Considerations and limitations - Amazon Glue
Services or capabilities described in Amazon Web Services documentation might vary by Region. To see the differences applicable to the China Regions, see Getting Started with Amazon Web Services in China (PDF).

Considerations and limitations

The following considerations and limitations apply to generating column statistics.

Considerations
  • Using sampling to generate statistics reduces run time, but can generate inaccurate statistics.

  • Each column statistics run requires processing the entire dataset.

  • Data Catalog doesn't store different versions of the statistics.

  • You can only run one statistics generation task at a time per table.

  • If a table is encrypted using customer Amazon KMS key registered with Data Catalog, Amazon Glue uses the same key to encrypt statistics.
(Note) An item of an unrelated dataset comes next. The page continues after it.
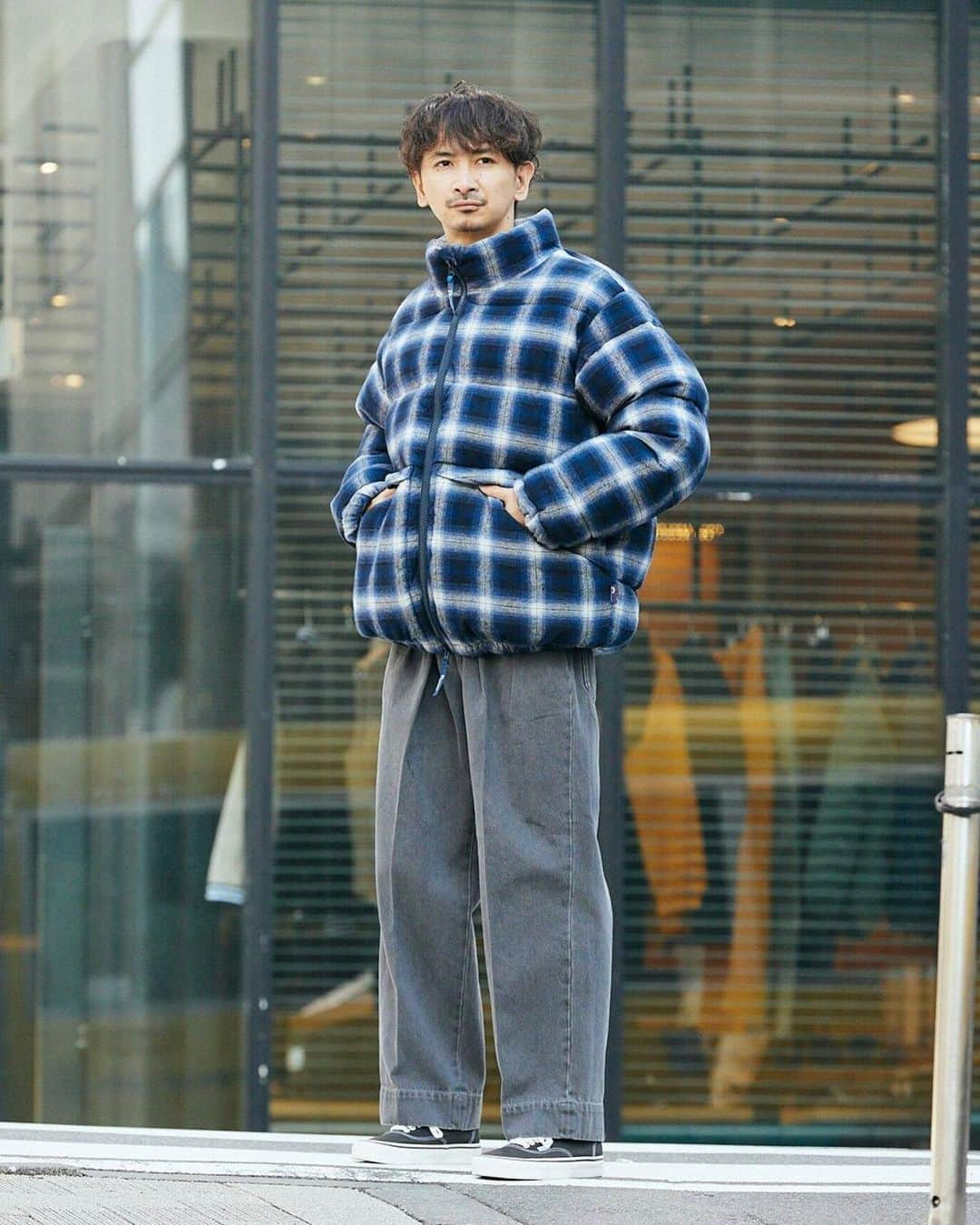 JOURNAL STANDARD relumeさんのインスタグラム写真 - (JOURNAL STANDARD relumeInstagram)「Penfield × JOURNAL STANDARD relume  「Penfield」と一緒に作り上げた、relumeでしか手に入らない完全別注アイテム。 今までありそうでなかったオンブレチェック柄のスタンドダウンジャケットです。  綿100%の目をひくオンブレチェックはこの別注ならでは。機能中綿を使用することによりしっかりとした防寒性やボリューム感、そしてケアの手軽さを兼ね備えています。  【PENFIELD / ペンフィールド】 1975年、「“ファッション”と“ファンクション”の両立」をコンセプトに、米国ハドソンで誕生しました。 ブランド創設当初より、モールデンミルズ社が開発したポーラフリースを使用するなど、先進性のある製品を提供してまいりました。 その精神は今も変わらずに創業時からの先進性＝「レガシー」を表現しながら、現代社会の生活に最適化された実用性、機能性を備えアップデートしたプロダクトを作り続けています。  No.23011464026030 【Penfield / ペンフィールド】別注 チェック PUFFY ダウンジャケット ¥35,200税込  No.23011464027030 【Penfield / ペンフィールド】別注 チェック PUFFY ダウンベスト ¥29,700税込  #penfield #ペンフィールド #オンブレチェック #2023aw #journalstandardrelume  #ジャーナルスタンダードレリューム」11月28日 20時11分 - js_relume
Column statistics task supports generating statistics:
  • When the IAM role has full table permissions (IAM or Lake Formation).

  • When the IAM role has permissions on the table using Lake Formation hybrid access mode.

Column statistics task doesn’t support generating statistics for:
  • Tables with Lake Formation cell-based access control.

  • Transactional data lakes - Linux foundation Delta Lake, Apache Iceberg, Apache Hudi.

  • Tables in federated databases - Hive metastore, Amazon Redshift datashares

  • Nested columns, arrays, and struct data types.

  • Table that is shared with you from another account.